Посматривая на заснеженные вершины холмов по сторонам от дороги, я поймал себя на том, что уже опять не прочь встать на лыжи. Беготня по Цюриху и непривычное общение с банкирами и юристами настолько приелись мне, что свежий горный воздух и яркое солнце манили и притягивали как магнит.

– Вам приходилось кататься на лыжах в Гштааде? – поинтересовался Фабиан. Должно быть, заснеженные холмы вызвали у него те же мысли, что и у меня.

– Нет, – ответил я. – Я катался только в двух местах: в Вермонте и в Сан-Морице. Но я слышал, что в Гштааде трассы не очень сложные.

– Но шею сломать там вполне можно, – усмехнулся Фабиан. – Как, впрочем, и везде.

– А как катаются наши сестренки?

– О, как все англичанки. Рвутся на склон, как на штурм вражеской крепости… – Фабиан вдруг фыркнул себе под нос. – Придется вам попотеть. Это вам не миссис Слоун.

– Не напоминайте мне о ней, – взмолился я.

– Что, не выгорело? – лукаво спросил он.

– В какой-то мере да.

– Я недоумевал, зачем вы с ней связались. Сразу было видно, что она вам не пара.

– Так и есть, – честно ответил я. – Кстати, это все из-за вас.

– Почему? – изумился Фабиан.

– Я посчитал, что Слоун – это вы!

– Что?

– Я думал, что он украл мой чемодан, – пояснил я. Потом рассказал про коричневые ботинки и темно-красный шерстяной галстук.

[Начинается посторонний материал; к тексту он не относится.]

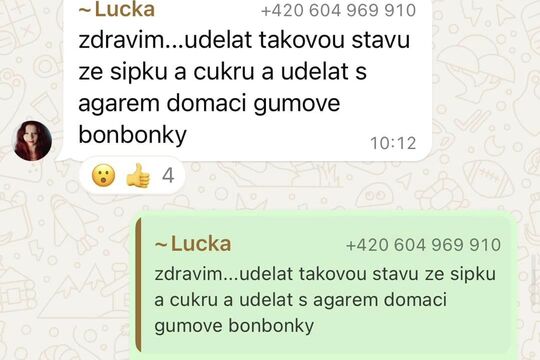 Domácí gumové mlsání 1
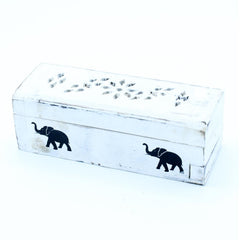 White Washed Incense Holder - Cone Smoke Box 15 cm product image 2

– Бедняга, – посочувствовал Фабиан. – Вы потратили на миссис Слоун целую неделю такой короткой жизни. Я и впрямь теперь ощущаю свою вину. Она засовывала язычок вам за ухо?

– Случалось, – признался я.

– Мне пришлось терпеть это три ночи. В прошлом году. А как вам удалось выяснить, что Слоун тут ни при чем?

– Если не возражаете, я пока об этом умолчу. Припомнив жуткий миг разоблачения, когда Слоун застал меня в своем номере с этим дурацким гипсом на ноге и с его ботинком в руках, я решил, что эта кошмарная история должна умереть вместе со мной. А как он вышвырнул в окно мой ботинок и часы, подаренные миссис Слоун. Брр… Я зябко поежился.

– Вот как? – Фабиан надулся. – Но ведь мы же компаньоны?

– Да, конечно. Как-нибудь в другой раз, – пообещал я. – Когда нам обоим захочется посмеяться.

– Ну, этого недолго ждать, – протянул он. И умолк. «Ягуар» мчал по живописнейшей дороге, проложенной среди изумительно прекрасного соснового бора, чистенького и ухоженного, как и все в Швейцарии.

– Послушайте, Дуглас, – спросил Фабиан. – А остались у вас родственники в Америке?

Ответил я не сразу. Подумал почему-то сначала о Пэт, потом вспомнил Эвелин Коутс, своего брата Хэнка, озеро Шамплейн, вермонтские крутые склоны и даже номер 602. А на закуску еще Джереми Хейла и мисс Шварц.

– По большому счету нет, – сказал я наконец. – А почему вы спрашиваете?

– Откровенно говоря, меня спрашивала об этом Юнис.

– Юнис? – Пришел мой черед удивляться. – Ей что-то не нравится?

– Нет, конечно, нет. Но вы так молчаливы и сдержанны… мягко говоря.

– Она на меня пожаловалась?

– Нет. По меньшей мере, мне, – ответил Фабиан. – Но Лили намекнула, что Юнис несколько озадачена. Все-таки она бросила все и примчалась сюда из самой Англии…

Он пожал плечами.

– Впрочем, вы и сами понимаете, что я имею в виду.

– Да, понимаю, – смущенно признался я.

– Надеюсь, в принципе-то вам девочки нравятся, Дуглас?

– О Господи, ну конечно, – отмахнулся я. Припомнив моего братца, ведущего радиопрограммы для гомиков в Сан-Диего, я вывернул руль чуть резче, чем следовало, и с некоторым трудом вписался в поворот.

– Не обижайтесь, я просто пошутил. В наши дни такое часто случается. Но вы хоть находите ее привлекательной?

– Да! Послушайте, Майлс, – с горячностью заговорил я, – мы, конечно, компаньоны, но в нашем контракте не предусмотрено, чтобы меня использовали как племенного жеребца, не так ли?

– Резковато сказано, – к моему изумлению, он хихикнул. – Хотя, должен признаться, мне в своей долгой карьере приходилось выступать в роли подобного, как вы выразились, племенного четвероногого.

– Господи, Майлс, – попытался оправдаться я, – да мы знакомы-то с ней без году неделя.